December 2019 was one of the most memorable months in Ryu Sung-won’s career. The patent attorney with 16 years of experience had concluded a 15-month legal journey, winning back 53 brands whose trademarks were stolen in China.

In 2018, on behalf of the 53 Korean companies, Ryu, managing partner of Jeeshim IP Law Office, had filed lawsuits against five “professional” intellectual property squatters that had preemptively registered Korean brands in China as if they were theirs. 

Ryu Sung-won, managing partner of Jeeshim IP Law Office (Park Ga-young/The Korea Herald) Ryu Sung-won, managing partner of Jeeshim IP Law Office (Park Ga-young/The Korea Herald)


Winning strategy

Focusing on IP brokers was a significant part of Ryu’s winning strategy.

“These brokers have long been engaged in ‘ransom business,’ and they own several or several hundred foreign brands in China,” Ryu told The Korea Herald in an interview earlier this month.

Korean companies became a popular target by IP agencies in the early 2010s, when Korean TV shows including hugely successful drama “My Love from the Star‘’ in 2013 began to enjoy increasing popularity.

Chinese trademark law is based on a first-to-file trade system, meaning that whoever files first secures the rights for a brand name or logo regardless of actual use or intent to use.
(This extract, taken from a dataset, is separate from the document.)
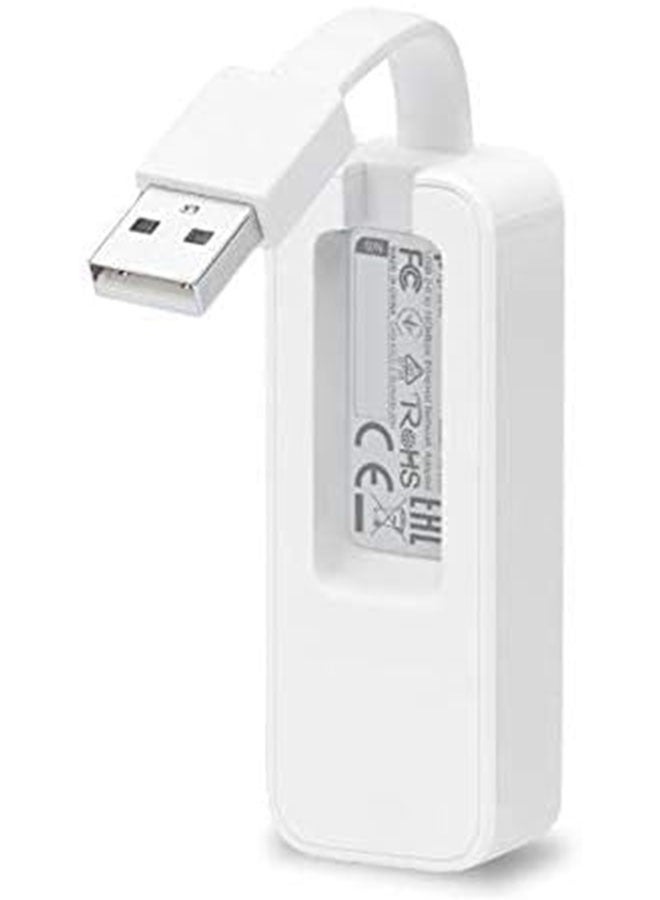 تي بي لينك محول USB 2.0 إلى Ethernet بسرعة 100 ميجابت في الثانية من TP-Link، UE200 - Image 3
After registering foreign trademarks, the brokers typically wait until foreign companies enter the Chinese market, then demand a ransom. 

Some companies Ryu is representing were even unaware that their brands were taken by others in China until they attempted to enter the market. Many companies in the past ended up buying back their own brands in China from the brokers, but Ryu said taking back their brand names and logos is getting easier.

“The reason we gather as many companies as possible to fight against several brokers together is to prove their ‘bad faith,’” he said. “Proving ‘malicious’ registration of trademarks has become very important ever since 2017 when Beijing’s courts ruled against bad faith." That nonproprietors stalk foreign brands can prove their bad intent for trademark registration.

And this strategy will become more effective following the revision of the trademark law last year and more companies will be able to find back their trademarks not through ransom, but a legal process.

Effective from Nov. 1, 2019, China amended its trademark law to curb bad faith filings by providing new grounds of challenge at all stages of the prosecution process and imposing greater sanctions against trademark agencies that facilitate such applicants.

Misperception

While China is trying to minimize IP theft and infringement by agencies, some cases will be more difficult to solve if companies lose their trademarks due to negligence, which, unfortunately, happens quite often. Ryu said it happens due to Korean companies’ high expectations for or reliance on the Chinese market. Hoping to make a foray into the Chinese market, Korean companies sometimes hand over trademarks to Chinese partners.

“Quite often your partner in China is not interested in helping you win the market. Rather, they want to buy or borrow your technology so that they themselves can benefit from the popularity of a brand,” he added. 

The 43-year-old patent attorney warned that companies should not get carried away by the market size of the world’s second-largest market, and should ramp up measures to protect their trademarks.

“Many people think that IP theft and infringement occur pervasively in China because Chinese people have little awareness of the importance of IP. But that perception is very wrong,” Ryu said. “Chinese people know so well how important IPs are: That’s why they want to own it and that‘s also what Korean companies should keep in mind.”